» Problem
For each record below, retype the text exactly and omit any image.

[Stored items]
Start of Block
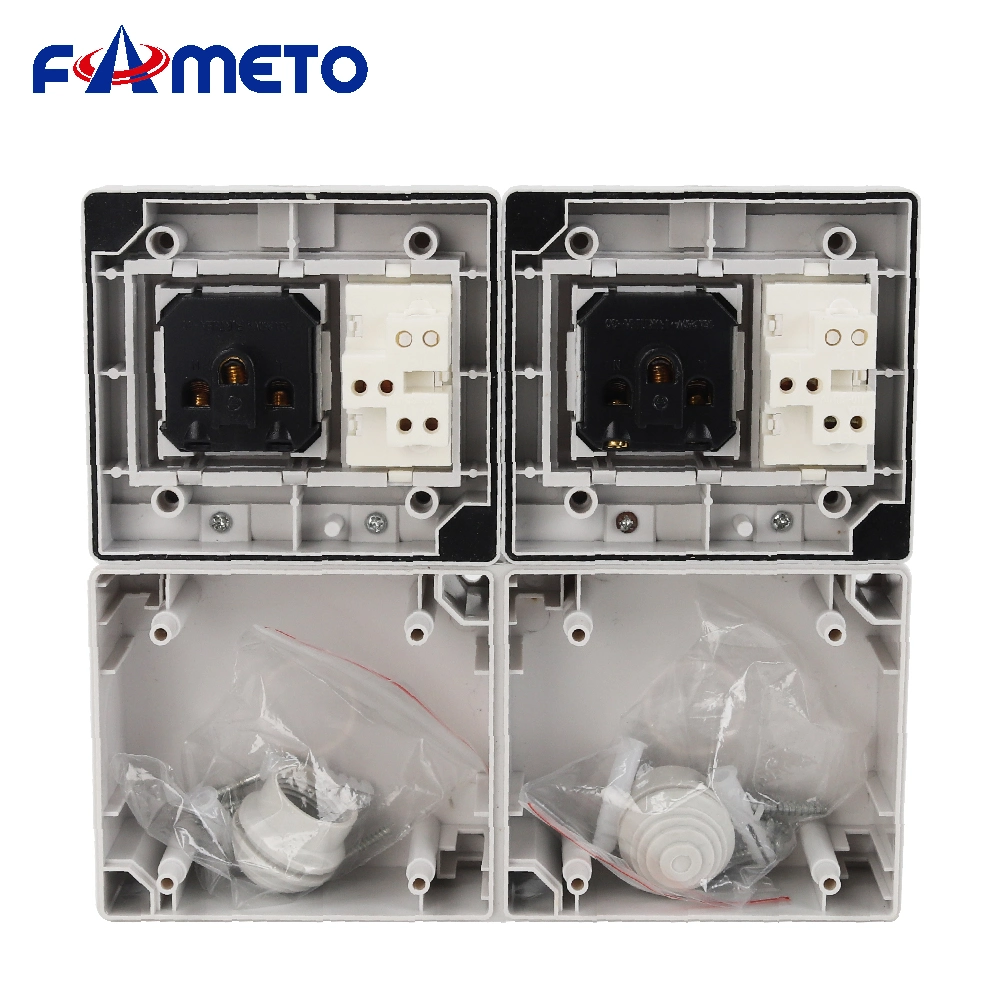 Outdoor Waterproof Socket Switch with Five Holes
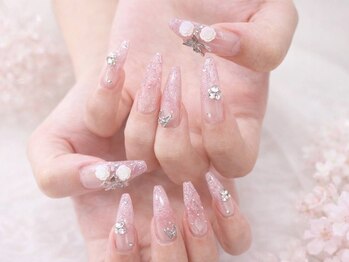 ラジュルネ(nail&eyelash La journee)の写真/60分/90分/120分のつけ放題メニューあり♪持ち込みデザインも◎豊富なカラー&パーツで納得の仕上がりに◇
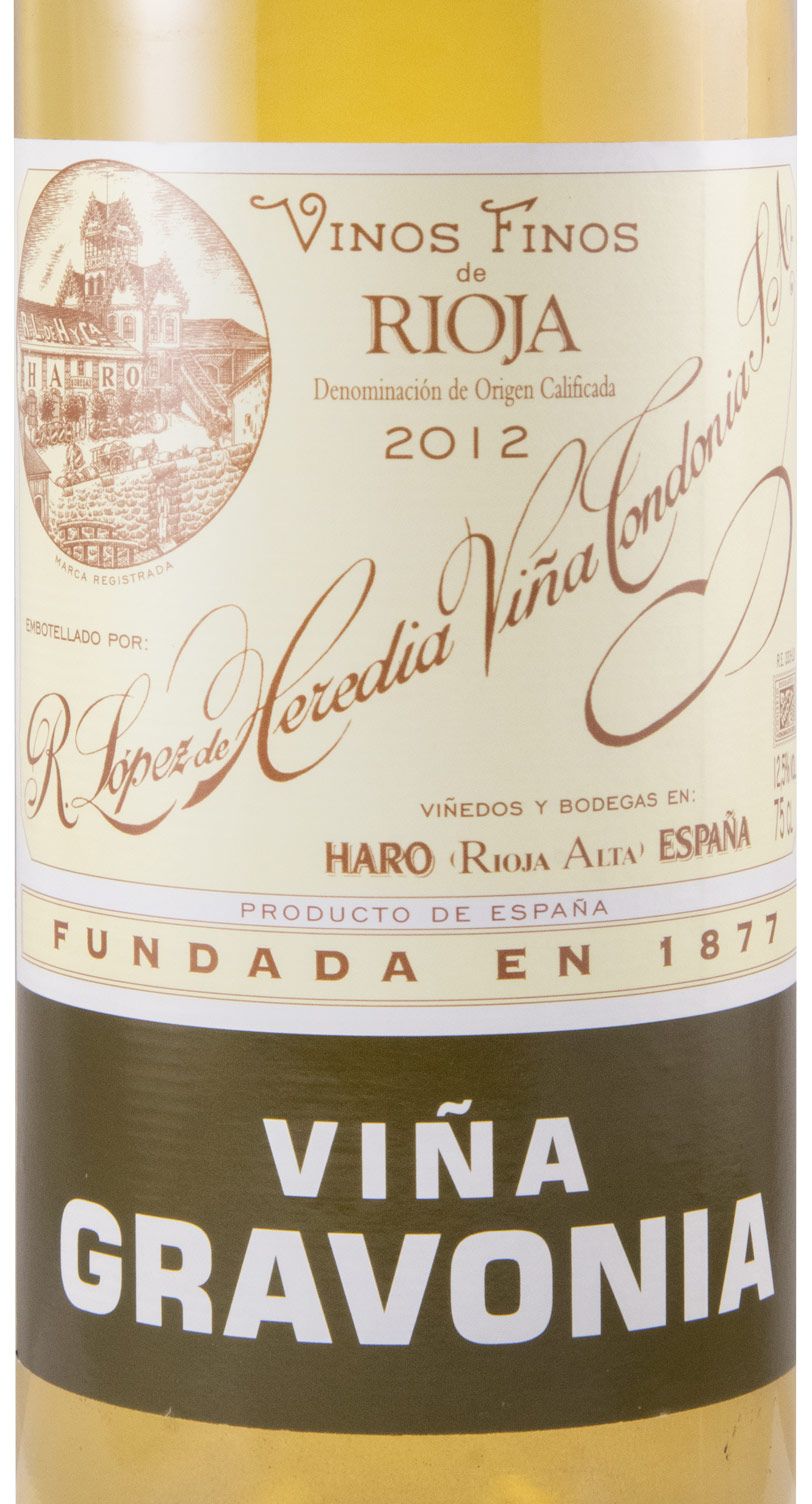 2012 López de Heredia Viña Gravonia Crianza branco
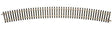 Code 148 Solid Nickel Silver 2-Rail Curve Track -- 54.0" Radius Full Curve Track (Circle = 16 Pieces)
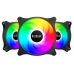 Кулер для корпуса/ Case Cooler PCCooler FX 120 ARGB BK 3 IN 1 (120x120x25mm, 4-pin PWM, ARGB, 52.79CFM, 33.2dBA, 2000RPM, Black, 3pcs)
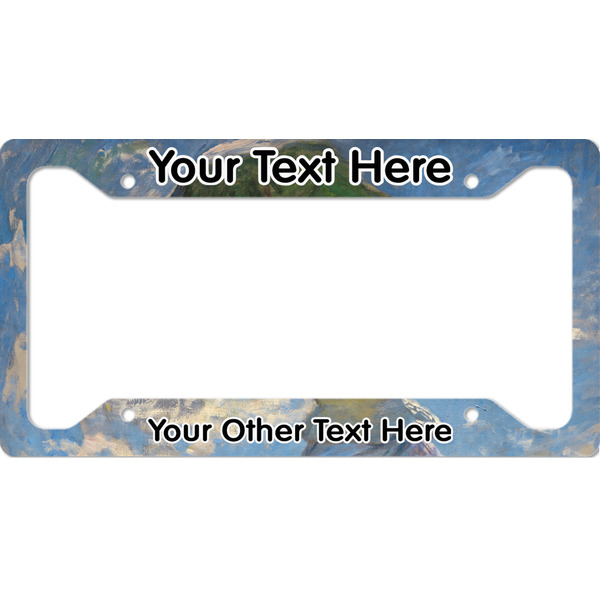 Custom Promenade Woman by Claude Monet License Plate Frame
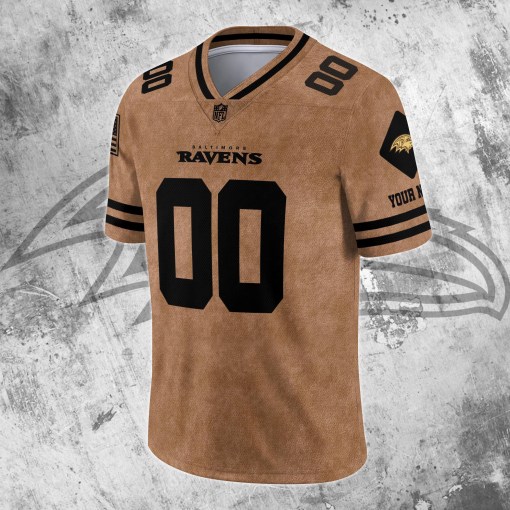 Baltimore Ravens V-neck Jersey Front
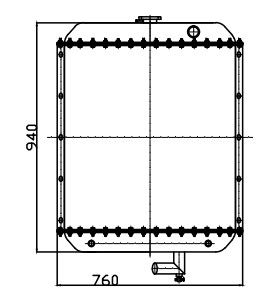 Excavador Radiator de PC270-7 PC220LL-7 PC290-7 206-03-72110 206-03-72111
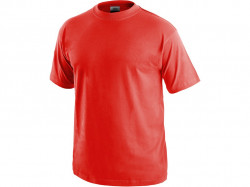 Tričko DANIEL krátky rukáv, bavlna, červené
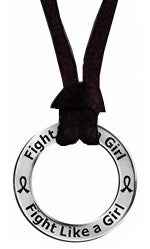 Fight Like a Girl Power Circle Necklace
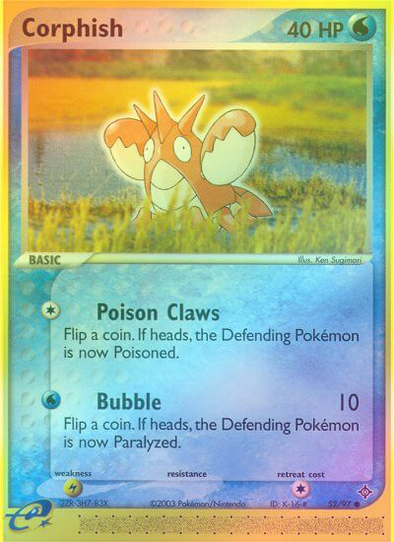 Corphish - 52/97 - Common - Reverse Holo available at 401 Games Canada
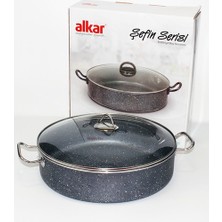 Alkar Şefin Serisi 40CM Otantik Basık Tencere Şefin Serisi
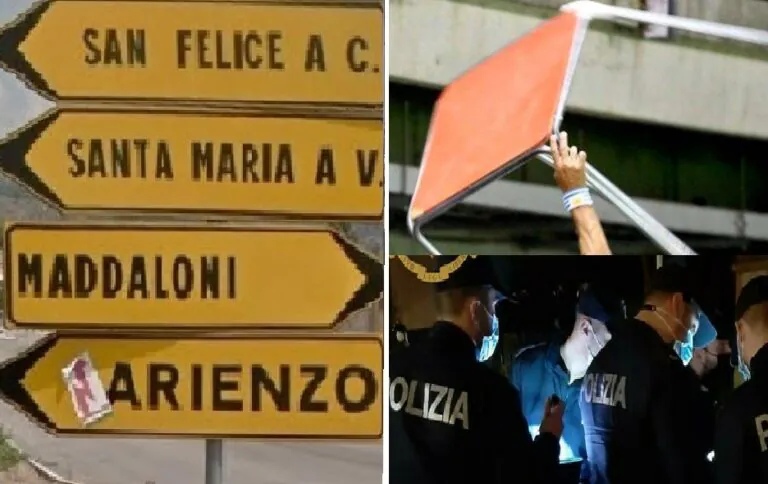 Tavolo da cucina addosso a moglie e testate all’auto della polizia: dalla follia alla cella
End of Block
» Solution to the problem
 Outdoor Waterproof Socket Switch with Five Holes
 ラジュルネ(nail&eyelash La journee)の写真/60分/90分/120分のつけ放題メニューあり♪持ち込みデザインも◎豊富なカラー&パーツで納得の仕上がりに◇
 2012 López de Heredia Viña Gravonia Crianza branco
 Code 148 Solid Nickel Silver 2-Rail Curve Track -- 54.0" Radius Full Curve Track (Circle = 16 Pieces)
 Кулер для корпуса/ Case Cooler PCCooler FX 120 ARGB BK 3 IN 1 (120x120x25mm, 4-pin PWM, ARGB, 52.79CFM, 33.2dBA, 2000RPM, Black, 3pcs)
 Custom Promenade Woman by Claude Monet License Plate Frame
 Baltimore Ravens V-neck Jersey Front
 Excavador Radiator de PC270-7 PC220LL-7 PC290-7 206-03-72110 206-03-72111
 Tričko DANIEL krátky rukáv, bavlna, červené
 Fight Like a Girl Power Circle Necklace
 Corphish - 52/97 - Common - Reverse Holo available at 401 Games Canada
 Alkar Şefin Serisi 40CM Otantik Basık Tencere Şefin Serisi
 Tavolo da cucina addosso a moglie e testate all’auto della polizia: dalla follia alla cella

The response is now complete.